Fred Savage makes friends with a horned blue-skinned monster from under his bed, played by Howie Mandel. Mandel takes Savage around his monster world playing monster baseball and ruining people’s lives and doing gross stuff. People who make entertainment for kids must think kids love anything repulsive. It’s like a children’s television executive saw a kid pick his nose once and said, “Eureka! Kids are disgusting and love disgusting things! All of em! To the exclusion of all other things! These urchins are barely more dignified than a mangy orphan dog riding the rails with his owner, Nick Jr. the Hobo.”

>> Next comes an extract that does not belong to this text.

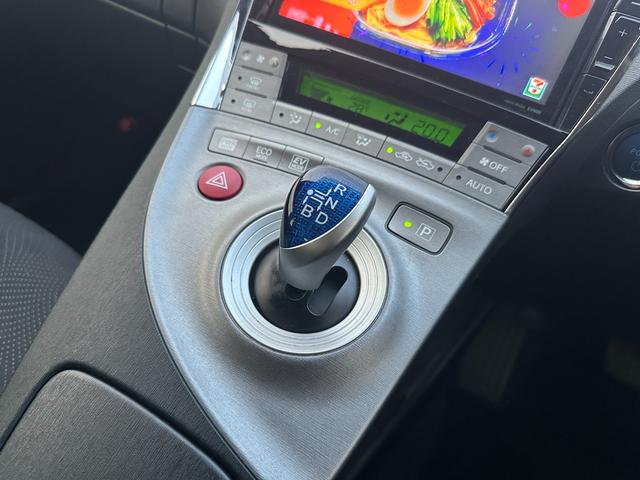 プリウス Ｓツーリングセレクション　１年保証付／アルパイン９インチナビ／フルセグテレビ／バックモニター／Ｂｌｕｅｔｏｏｔｈオーディオ／ＬＥＤヘッドライト／ビルトインＥＴＣ／スマートキー／盗難防止システム／衝突安全ボディ（31枚目）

The first time Fred Savage meets Howie Mandel’s monster (could have phrased that better), he watches him burn nearly to death in the sunlight like a vampire hunter watching his nemesis fry after years of hunting and battle. Damn, kid- you just met this monster, you don’t know if he’s good or bad. Check out Fred Savage’s dead-eyed implacable expression as he watches the monster beg for mercy. If that kid doesn’t grow up to be a Christian-Bale-in-AmericanPsycho style investment banker businessman, then he’s going to make some Geek Squad dudes real unhappy as a Best Buy manager.

Oh yeah, and the fat school bully drinks monster pee thinking it’s apple juice. Then Fred Savage wakes that kid up to take him to the underworld at the end of the movie to help fight monsters. When they get down there, he’s like, “oh by the way, if we don’t make it back to the surface by sunrise, we turn into monsters.” That’s right, school bully. A passing acquaintance at your school is not only involved in a battle against monsters in which his very humanity is at stake, but he’s willing to gamble with yours as well for the sake of having someone hold an extra flashlight. Fred Savage’s character in Little Monsters is one of the most ruthless and calculating figures in the history of gross kid cinema.

The final boss monster is dressed up like a British schoolboy except he’s a grown man with makeup on and his brain is sticking out of the back of his head and his hands are all corpse-like. I want to know this dude’s back-story. He shows up for five minutes then he gets (spoiler alert, I guess) murdered by Fred Savage and his friends. Savage is right. Ain’t they got a police force down in monster town? They need to hide their monster kids, hide their monster wife and hide their monster husband cause Fred Savage is killing every monster up in here.

Also, when Howie Mandel is helping Fred Savage escape at the end of the movie before the sun comes up he stands there and gives a twenty minute speech on friendship. Friendship can kiss my ass, he needs to get the hell out of monster town. There’s no time for hugs and gifts of jackets! I kind of get the impression Howie Mandel was stalling so he could keep Fred Savage talking until the monster police showed up to bring him to justice for his crimes.

I do appreciate that the final scene of the movie involved a wino asleep on the beach and a Talking Heads song, which is how every movie should end all the time. Except for movies that are already about winos, like Leaving Las Vegas. Or the Andy Capp movie, if they ever make one. And a Lockhorns movie. Wait, are they winos? I think they just hate each other. Well, they can be winos for the movie. Like the Bukowski-penned movie Barfly. Loretta Lockhorn saying, “if another man came along with a fifth of whiskey, I’d go with him” to Leroy Lockhorn. Damn, that’s grim.